Data provided START

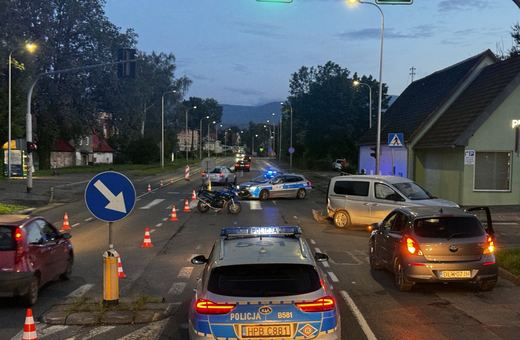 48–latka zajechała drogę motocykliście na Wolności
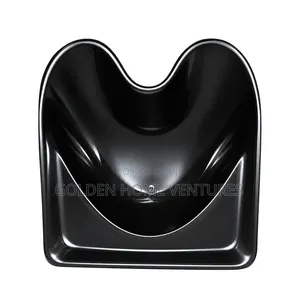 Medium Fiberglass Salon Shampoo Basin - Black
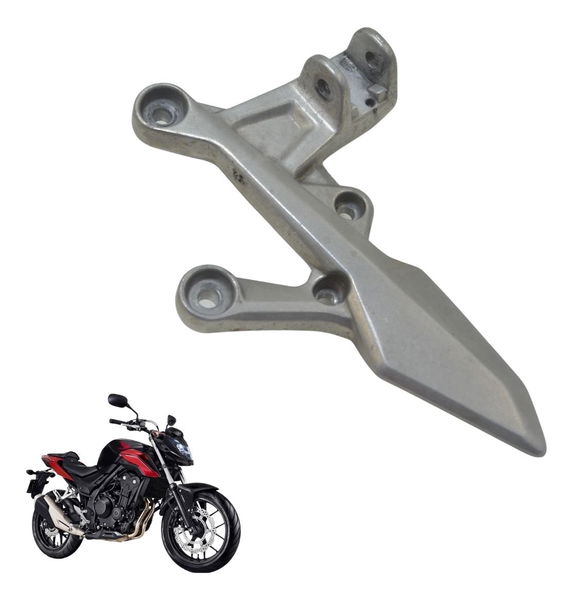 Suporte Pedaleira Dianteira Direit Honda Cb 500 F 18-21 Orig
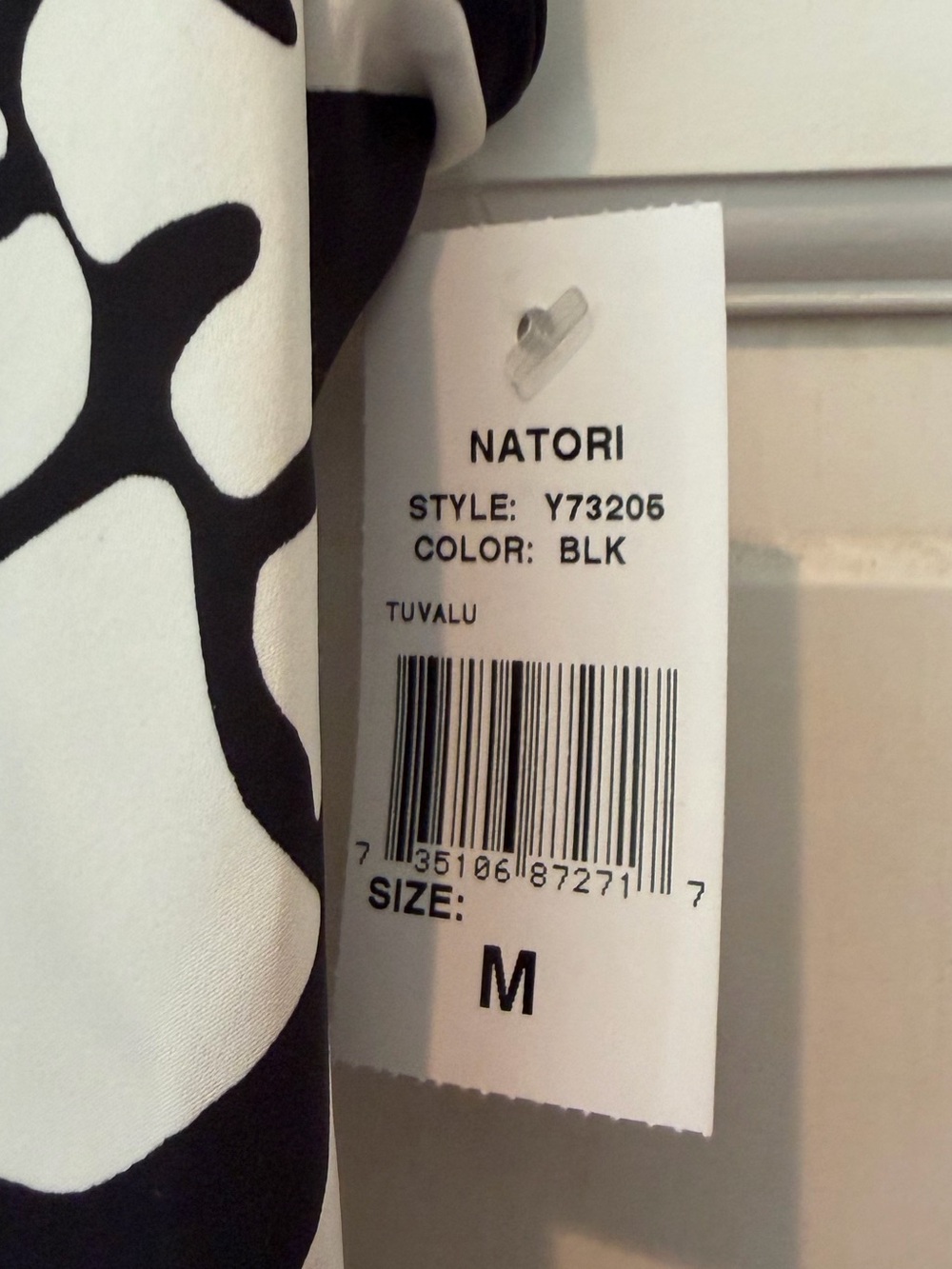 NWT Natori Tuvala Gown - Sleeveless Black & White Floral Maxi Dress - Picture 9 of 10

Data provided END

§ Instructions to follow:
Pictures are to be left out; the rest of the listing should be printed exactly.

§ Exercise solution:
 48–latka zajechała drogę motocykliście na Wolności
 Medium Fiberglass Salon Shampoo Basin - Black
 Suporte Pedaleira Dianteira Direit Honda Cb 500 F 18-21 Orig
 NWT Natori Tuvala Gown - Sleeveless Black & White Floral Maxi Dress - Picture 9 of 10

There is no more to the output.